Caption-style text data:
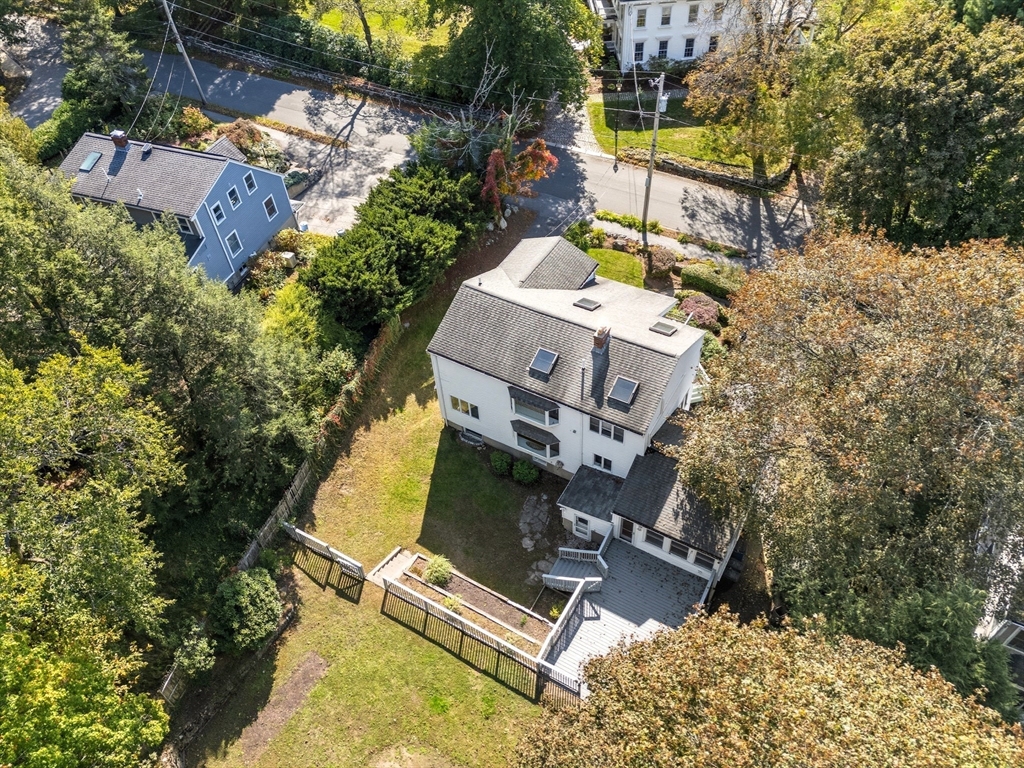 34 Oak St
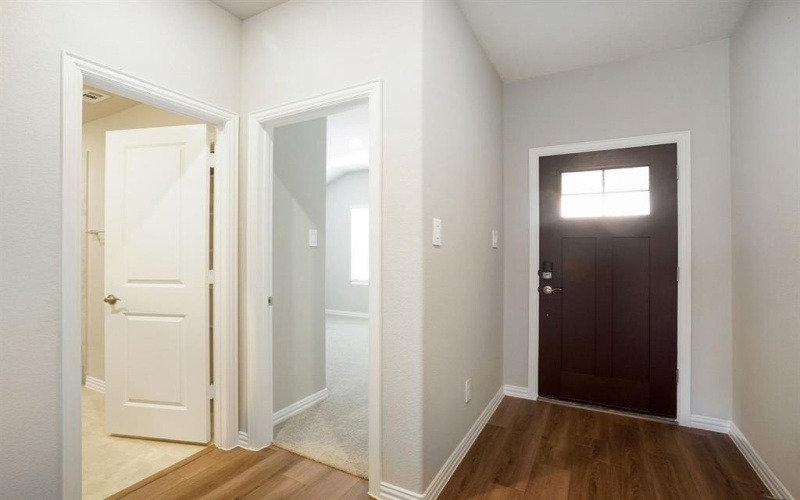 2215 Mustang Way, Seagoville, TX 75159, 3 Bedrooms Bedrooms, ,2 BathroomsBathrooms,Residential,For Sale,2215 Mustang Way,0,21099918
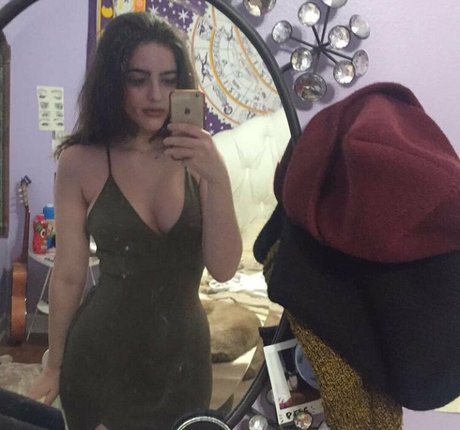 artbitch666 トップポルノスター 画像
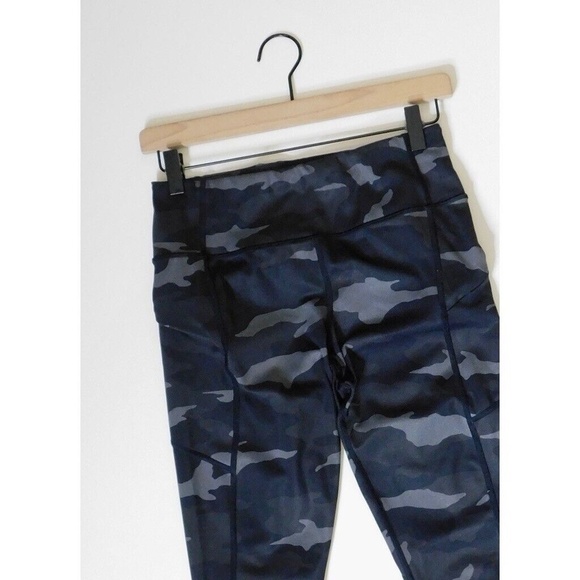 ATHLETA Camo Contender 7/8 Tight Camouflage Print Side Pockets Workout Gym Small - Picture 4 of 16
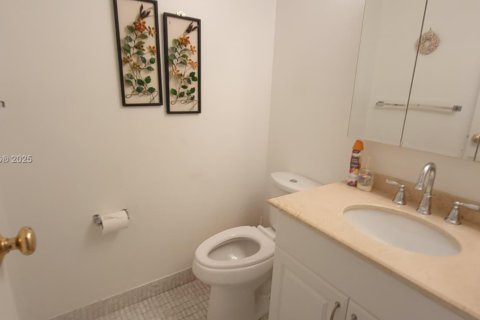 Copropriété à vendre à Hallandale Beach, Floride: 2 chambres, 85.84 m2 № 1880165 - photo 15
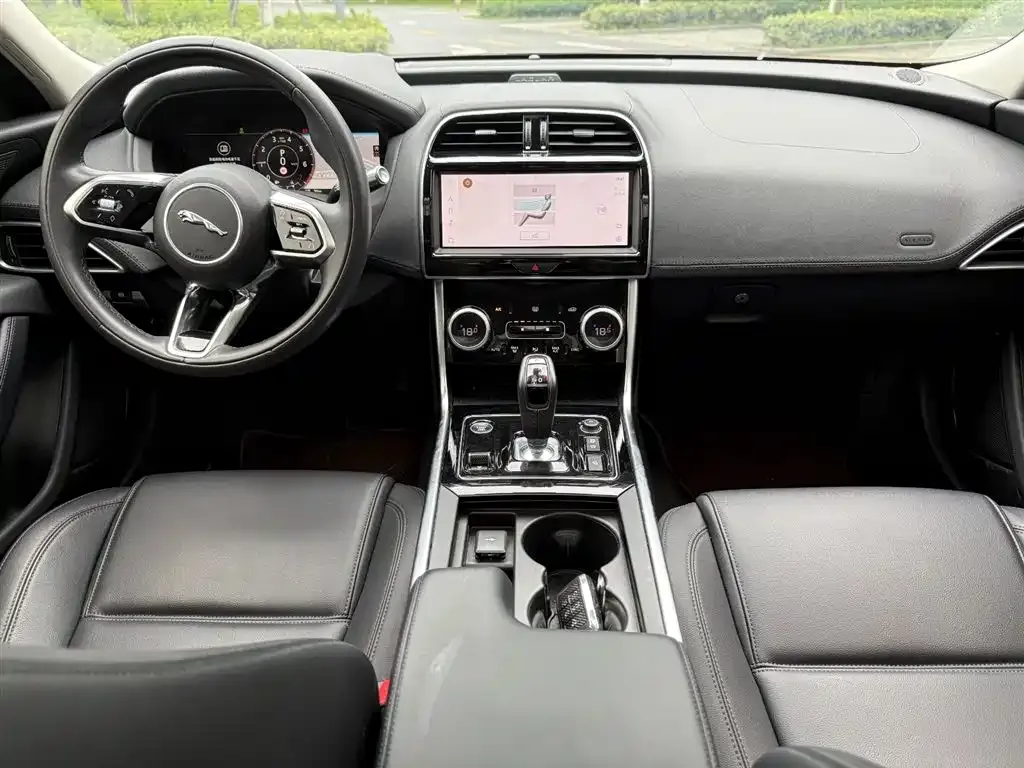 Jaguar XEL 2021 из CN, фото 5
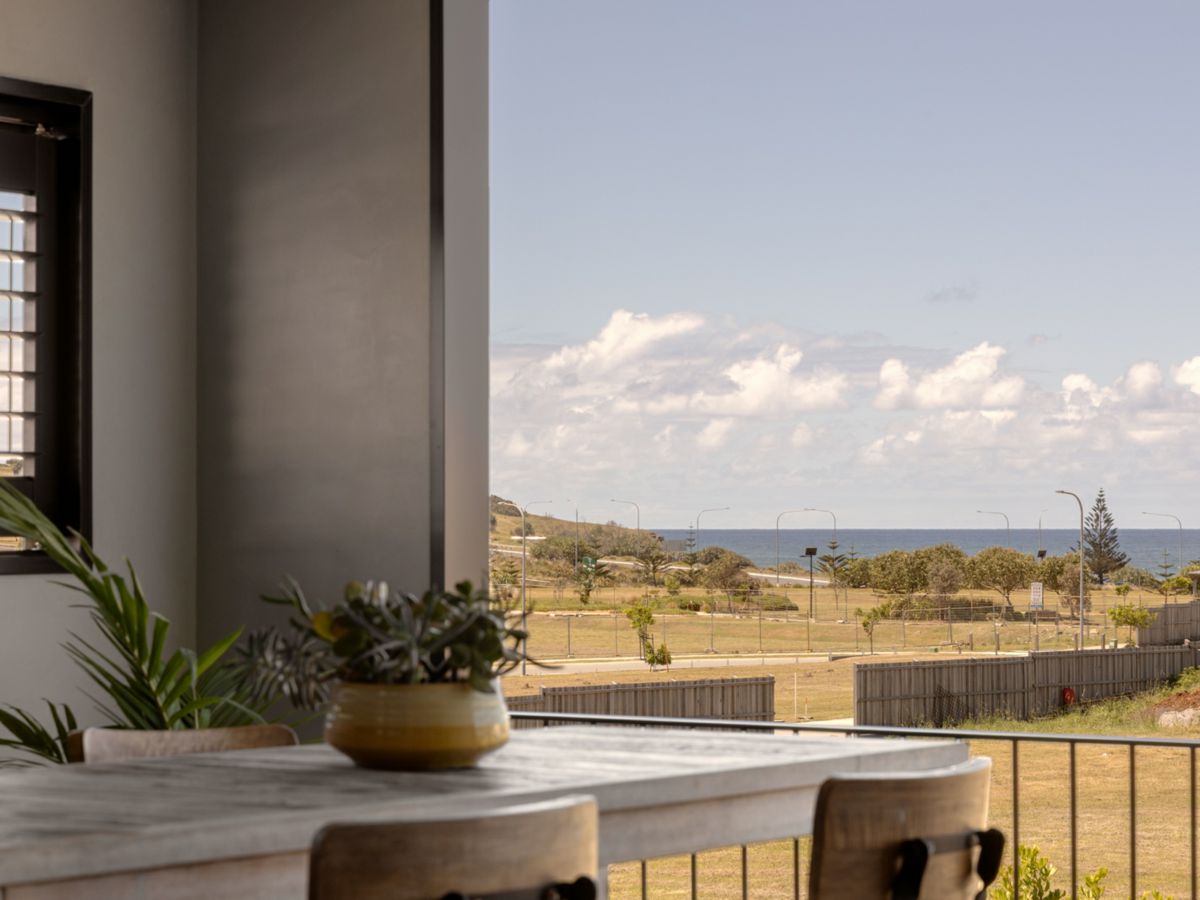 2 Sunhaven Avenue, Skennars Head - image 3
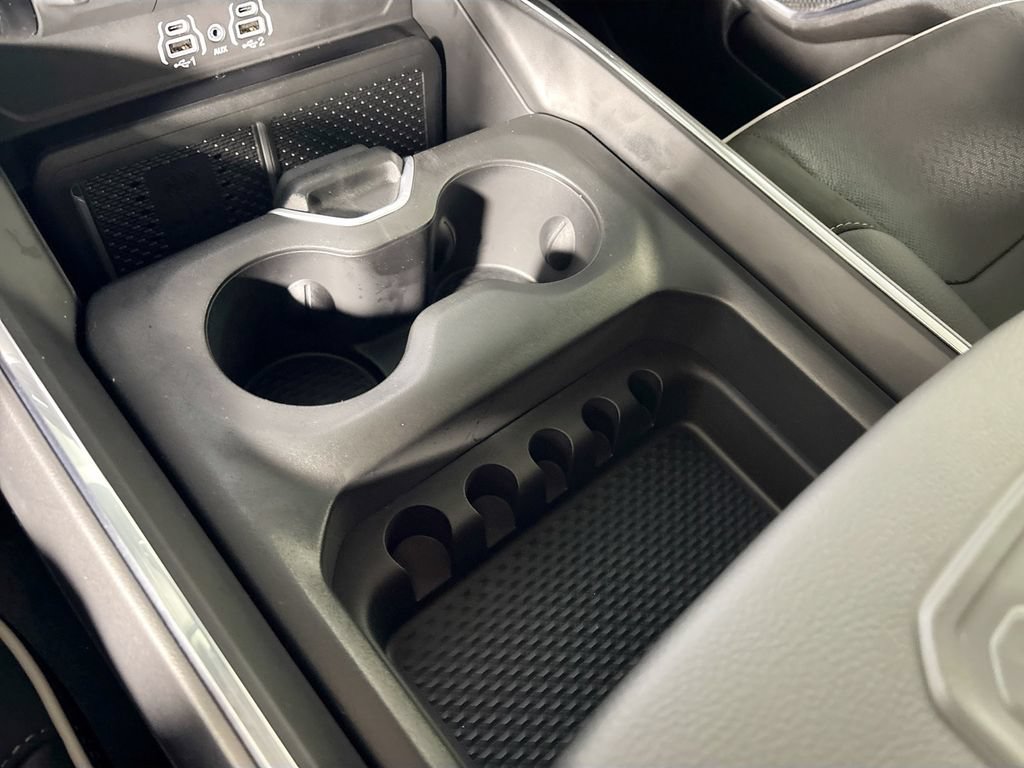 New 2026 RAM 1500 Laramie AWD/4WD image 15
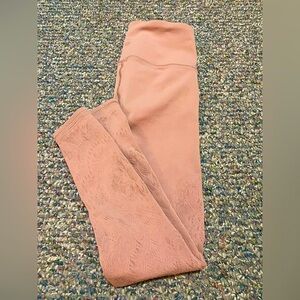 Lululemon Reveal crop Zen Expression legging, size 6 🌸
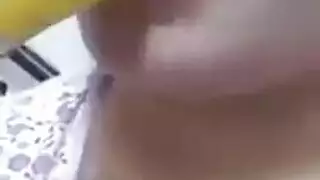 عاهرة الكاميرا ياسمين تمص زب بعمق وتلعب مع نفسها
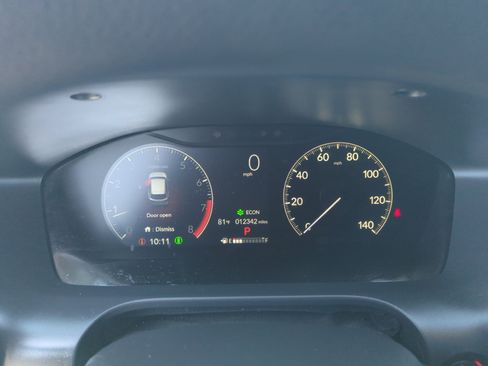 Used 2025 Honda HR-V LX image 11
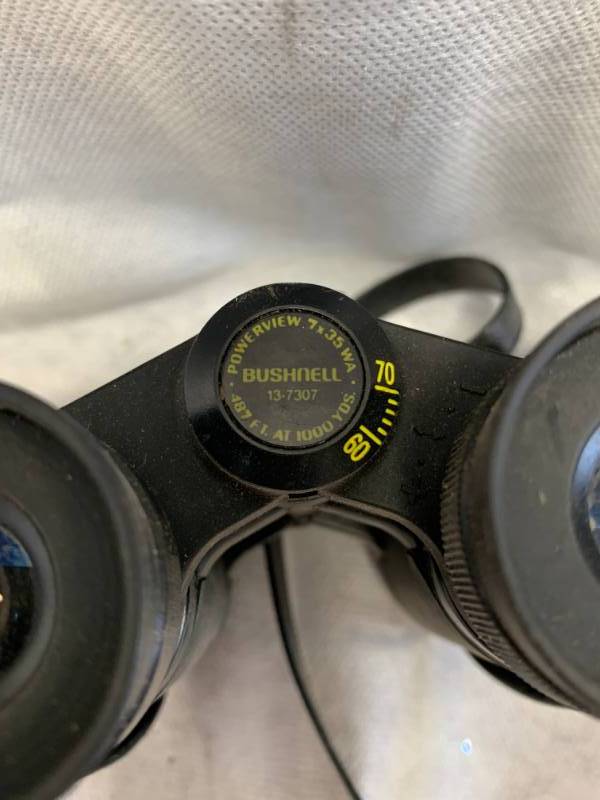 lot 51 image: Bushnell 7 x 25 Binoculars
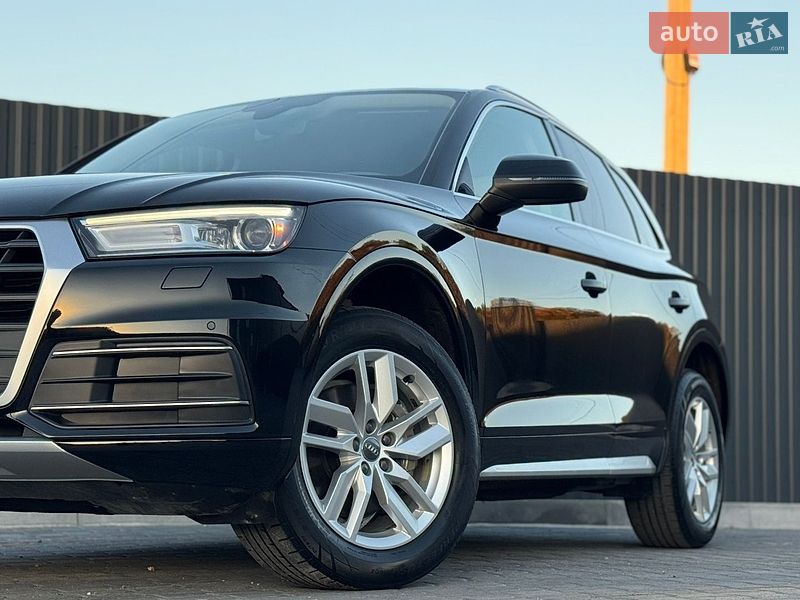 Внедорожник / Кроссовер Audi Q5 2020 в Тернополе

**What is needed**:
Copy out the entries exactly. No pictures.

**Response**:
 34 Oak St
 2215 Mustang Way, Seagoville, TX 75159, 3 Bedrooms Bedrooms, ,2 BathroomsBathrooms,Residential,For Sale,2215 Mustang Way,0,21099918
 artbitch666 トップポルノスター 画像
 ATHLETA Camo Contender 7/8 Tight Camouflage Print Side Pockets Workout Gym Small - Picture 4 of 16
 Copropriété à vendre à Hallandale Beach, Floride: 2 chambres, 85.84 m2 № 1880165 - photo 15
 Jaguar XEL 2021 из CN, фото 5
 2 Sunhaven Avenue, Skennars Head - image 3
 New 2026 RAM 1500 Laramie AWD/4WD image 15
 Lululemon Reveal crop Zen Expression legging, size 6 🌸
 عاهرة الكاميرا ياسمين تمص زب بعمق وتلعب مع نفسها
 Used 2025 Honda HR-V LX image 11
 lot 51 image: Bushnell 7 x 25 Binoculars
 Внедорожник / Кроссовер Audi Q5 2020 в Тернополе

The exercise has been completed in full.